As for (b), my guess is that with NO corrigibility training at all, models would start doing things like disabling shutdown scripts in the wild, locking users out of their computers and changing their passwords to prevent them manually shutting the agent down, and there would be outcry from public and B2B customers that hurts their profits, as well as a dataset of examples to train against. It's plausible that fixing this doesn't allow them to stop disempowerment. Maybe a crux is whether naively training for corrigibility is more effective or less effective on more egregious incidents.
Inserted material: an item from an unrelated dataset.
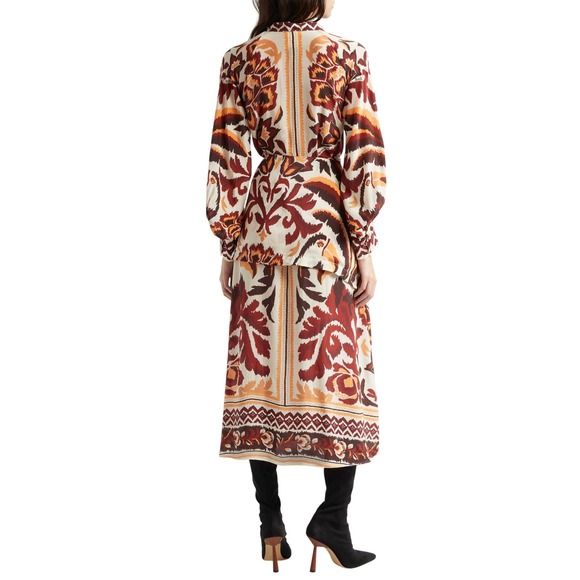 Farm Rio Printed Long Sleeve Maxi Dress Button Down Boho Chic Size S - Picture 2 of 14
After the 10xing the economy stage, plausibly corrigibility stops being useful for users / aligned with the profit motive because humans will largely stop understanding what models are doing, so I get a lot more worried if we haven't figured something out.
After thinking about it more, it might take more than 3% even if things scale smoothly because I'm not confident corrigibility is only a small fraction of labs' current safety budgets
Sorry, I mean corrigibility as opposed to CEV, and narrow in the sense that it follows user instructions rather than optimizing for all the user's inferred preferences in every domain, not in the sense of AI that only understands physics. I don't expect unsolvable corrigibility problems at the capability level where AI can 10x the economy under the median default trajectory, rather something like today, where companies undershoot or overshoot on how much the agent tries to be helpful vs corrigible, what's good for business is reasonably aligned, and getting there requires something like 3% of the lab's resources.
Does this meaningfully reduce the probability that you jump out of the way of a car or get screened for heart disease? The important thing isn't whether you have an emotional fear response, but how the behavior pattern of avoiding generalizes.